Toward the end of last year, I was chatting with a few friends about side hustles. It turned out that almost everyone had something going on besides their main job—investing, food delivery, driving gigs, freelance work. I was the odd one out. When they asked what I was doing on the side, I had nothing to say.
It wasn’t because I was lazy. I just genuinely didn’t have much time left in the day.
By the time I got home from work, it was usually after seven. Then came dinner, spending a bit of time with my child, washing up, and getting her settled into bed. She loves to play, so if no one gets her into bed, she’ll stay up forever. After that, I still had laundry to deal with. By the time I finally made it to bed myself, it was around 9:30. I’d scroll on my phone for a little while and usually be asleep by ten.

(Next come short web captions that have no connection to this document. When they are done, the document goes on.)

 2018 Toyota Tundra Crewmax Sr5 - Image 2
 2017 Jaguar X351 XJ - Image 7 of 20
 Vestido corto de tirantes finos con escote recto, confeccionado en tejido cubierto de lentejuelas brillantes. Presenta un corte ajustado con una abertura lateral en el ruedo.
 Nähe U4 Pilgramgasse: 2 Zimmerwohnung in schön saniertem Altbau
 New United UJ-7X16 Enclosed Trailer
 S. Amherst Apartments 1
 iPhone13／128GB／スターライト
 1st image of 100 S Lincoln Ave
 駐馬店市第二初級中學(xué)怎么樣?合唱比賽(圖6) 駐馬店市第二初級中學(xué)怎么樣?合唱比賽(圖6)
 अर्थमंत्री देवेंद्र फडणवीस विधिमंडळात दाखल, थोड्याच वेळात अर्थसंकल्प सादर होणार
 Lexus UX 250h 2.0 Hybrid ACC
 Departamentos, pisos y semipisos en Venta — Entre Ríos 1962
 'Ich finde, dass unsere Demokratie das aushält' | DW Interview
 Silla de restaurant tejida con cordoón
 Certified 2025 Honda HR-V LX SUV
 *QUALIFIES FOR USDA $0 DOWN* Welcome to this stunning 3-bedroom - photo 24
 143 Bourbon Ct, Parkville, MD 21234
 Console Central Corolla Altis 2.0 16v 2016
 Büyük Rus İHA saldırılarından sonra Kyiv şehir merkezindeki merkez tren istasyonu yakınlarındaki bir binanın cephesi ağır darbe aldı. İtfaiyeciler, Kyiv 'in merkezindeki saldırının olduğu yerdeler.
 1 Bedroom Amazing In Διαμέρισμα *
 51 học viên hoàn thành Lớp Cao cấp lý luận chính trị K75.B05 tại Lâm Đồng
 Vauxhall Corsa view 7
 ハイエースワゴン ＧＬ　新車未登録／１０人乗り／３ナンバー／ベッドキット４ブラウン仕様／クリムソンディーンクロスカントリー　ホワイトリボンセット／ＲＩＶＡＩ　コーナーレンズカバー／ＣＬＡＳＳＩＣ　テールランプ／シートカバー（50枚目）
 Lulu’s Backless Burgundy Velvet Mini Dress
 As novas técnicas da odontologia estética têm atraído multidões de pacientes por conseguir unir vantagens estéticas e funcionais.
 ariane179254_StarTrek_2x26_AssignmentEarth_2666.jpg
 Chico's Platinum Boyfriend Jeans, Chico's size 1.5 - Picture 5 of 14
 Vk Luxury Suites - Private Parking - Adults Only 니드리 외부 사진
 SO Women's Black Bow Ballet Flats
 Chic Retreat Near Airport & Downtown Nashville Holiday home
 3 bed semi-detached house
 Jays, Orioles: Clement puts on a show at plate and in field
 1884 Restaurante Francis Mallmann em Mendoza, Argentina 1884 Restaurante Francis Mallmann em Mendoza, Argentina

Work already left me exhausted, so I never really had the energy to start another demanding job after hours. Because of that, I really admired one friend who went straight from work to delivering food. He kept at it every day and often didn’t sleep until very late. Sometimes he’d even eat a late-night meal after getting hungry on the job. He did it for two months, made some money, but also gained weight and developed health problems. In the end, about half of what he earned went to medical bills. That kind of trade-off just didn’t seem worth it, and he eventually stopped.
My wife had been putting some money into funds for a while, and later also bought gold. She never invested too heavily, and she wasn’t chasing huge returns, but over time she still made a bit here and there. Seeing that made me wonder what I could do myself.
At first, I thought about taking freelance technical work. I even found a few people to team up with. But the clients were the kind who wanted aircraft-carrier-level output for peanuts. That was a hard no for me. A person may not need arrogance, but they do need backbone. I’m not in a situation where I can’t put food on the table, so why bend over backward for scraps?
What bothers me most is seeing people grind themselves down for tiny amounts of money—pulling multiple all-nighters just to revise something again and again for barely over a hundred yuan. Maybe there are too many people willing to do that, and it has dragged down the value of pure technical work far more than it should.
Coming from a technical background, I’ve never felt especially good at anything outside of that. I’m not a talker, I can’t sing, and I don’t have much spare time. My wife even jokes that with my level of education, I still come off like I’m illiterate. I really couldn’t accept that, so I felt I had to build something of my own.
That was when I turned my attention to a public account platform and decided to give it a try. I picked the account back up at the end of last year and started learning while doing. In the beginning, what I wrote was all over the place. But little by little, things started improving.
Recently, the account seems to have entered a traffic pool, and most of what I publish now gets more than a thousand reads. My followers have grown from around 600 to over 1,000. The income has also climbed sharply. It used to be a little over 100 yuan a month; now it’s more than 1,000 yuan a month, and it still looks like it may keep rising. That’s genuinely encouraging.
Traffic has been fairly steady lately too, reaching tens of thousands every day.

Daily earnings are now consistently in the dozens of yuan as well. It’s basically stable at this point, though keeping it there will still take continued effort.

Compared with other side hustles, this one feels like the most manageable for me. It only takes about an hour a day, which is something I can live with. I had considered expanding to other self-media platforms too, but right now there still just isn’t enough time. So for the moment, I’m focusing on this one. If I ever have more room in my schedule, I may try other formats, like video editing.
The important thing is that I finally took the first step and stuck with it. Once you do that, there’s a good chance something will come from it. The money is still modest, but it gives me a real sense of accomplishment. I’m not dreaming of becoming some major internet personality. I just hope to carve out a small space of my own in the world of self-media.